§ **WHAT IS NEEDED**: Give an exact copy of the data that follows, but none of its pictures.

§ **GIVEN MATERIAL**:
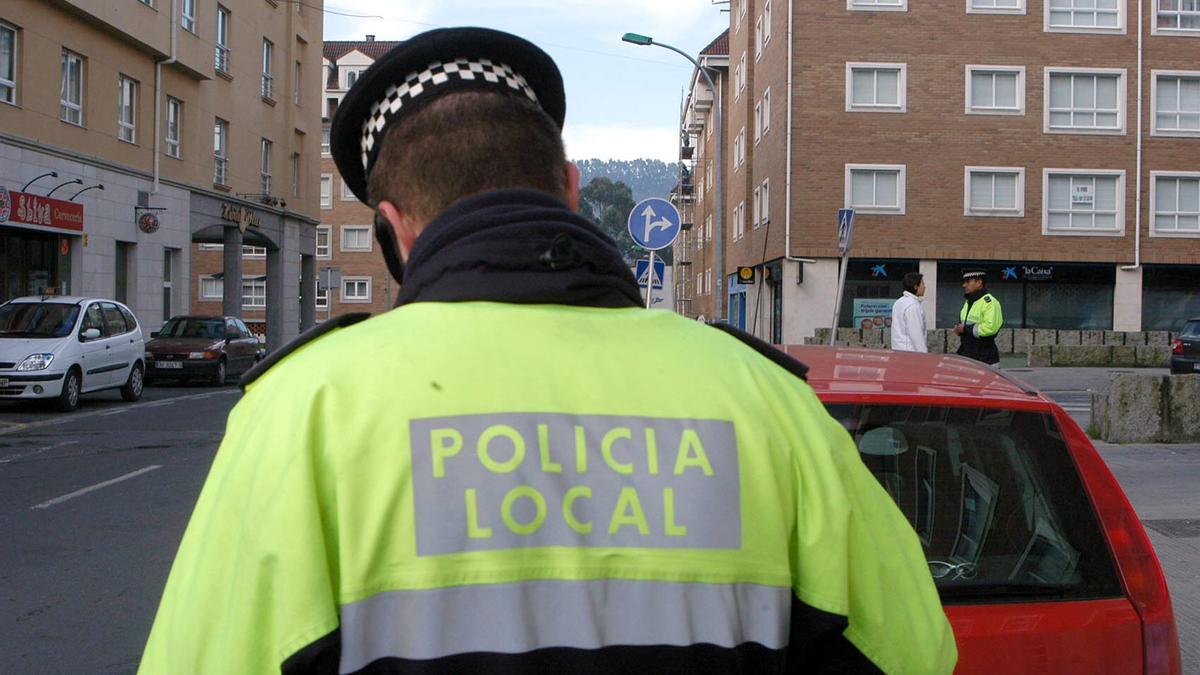 Un policía local de Cambre, durante una intervención.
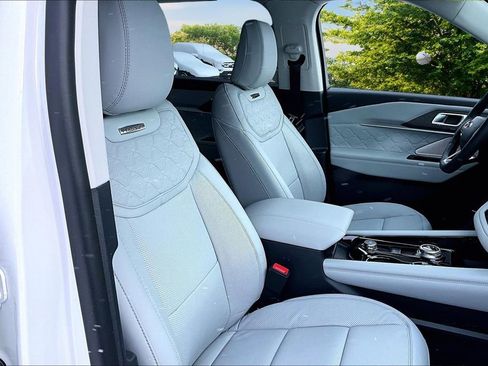 New 2026 Ford Explorer Platinum w/ LUX Leather Package image 8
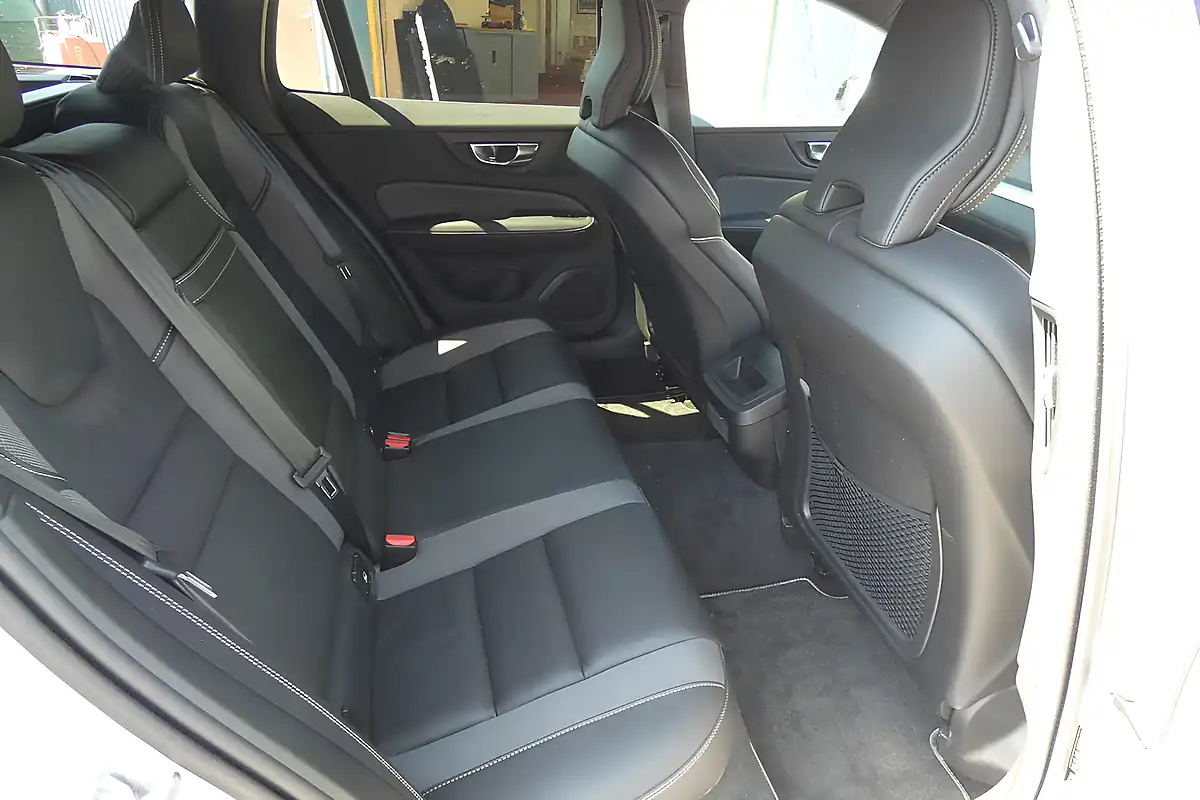 Used 2020 Volvo V60 R-Design Plus Bright Silver - Interior and Exterior details 10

§ **RESPONSE BELOW**:
 Un policía local de Cambre, durante una intervención.
 New 2026 Ford Explorer Platinum w/ LUX Leather Package image 8
 Used 2020 Volvo V60 R-Design Plus Bright Silver - Interior and Exterior details 10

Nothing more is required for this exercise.